Tuesday, March 4, 2014

Dana Lyn

photo by Michael Weintrob
 photo by Michael Weintrob

Brooklyn-based violinist, pianist and composer Dana Lyn is a musician of diverse accomplishment – but her creativity is restless, questing. She has enjoyed a niche as a go-to instrumentalist for top artists in genres from traditional folk to indie-rock.




This includes singer-songwriter Loudon Wainwright III hiring her to lace the old-time country of his Grammy Award-winning 2009 album High, Wide and Handsome: The Charlie Poole Project, as well as the Irish-American supergroup Cherish the Ladies having her play and provide arrangements for their PBS special and live CD/DVD An Irish Homecoming.



Lyn has appeared on Saturday Night Live and the Conan O’Brien Show, while bands from the Walkmen to Florence & the Machine have tapped her for recordings and concerts. But Lyn has a constant drive to experiment, whether it’s with music in the theater and the concert hall or her own recording projects. She was a key contributor to Ethan Hawke’s off-Broadway production of Clive – see her accompanying Hawke singing in character for this New York Times video.

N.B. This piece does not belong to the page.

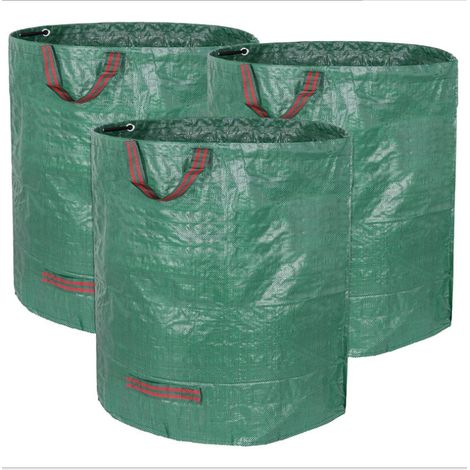 Set di 3 sacchi per rifiuti da giardino, 272 l – 3 manici rinforzati – riutilizzabili e resistenti (1/5)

The edgy classical quartet Brooklyn Rider commissioned Lyn to compose Maintenance Music, a work to be included on their forthcoming album A Brooklyn Almanac. She is collaborating with actor-writer Vincent D’Onofrio on a recording for 2014 in which she sets his spoken-word journal “oddities” to music. Then there’s her second solo album – Aqualude, an instrumental story of the sea that’s as playful as it is tuneful – which Ropeadope Records will release on Oct. 15, 2013.



Aqualude sees Lyn joined by several fellow Brooklyn musicians, including guitarist Jonathan Goldberger (of folk-jazz trio Surface to Air), multi-genre cellist Clara Kennedy and jazzers clarinetist Mike McGinnis and drummer Vinnie Sperrazza – a quintet that Lyn has led at such hip New York venues as Barbes and iBeam. The album echoes with strains of neo-folk, avant-rock and contemporary classical (listen here), but the music also works as a soundtrack to a folk-like narrative that Lyn has written, one that incorporates her extra-musical fascination with the marine world and its inhabitants.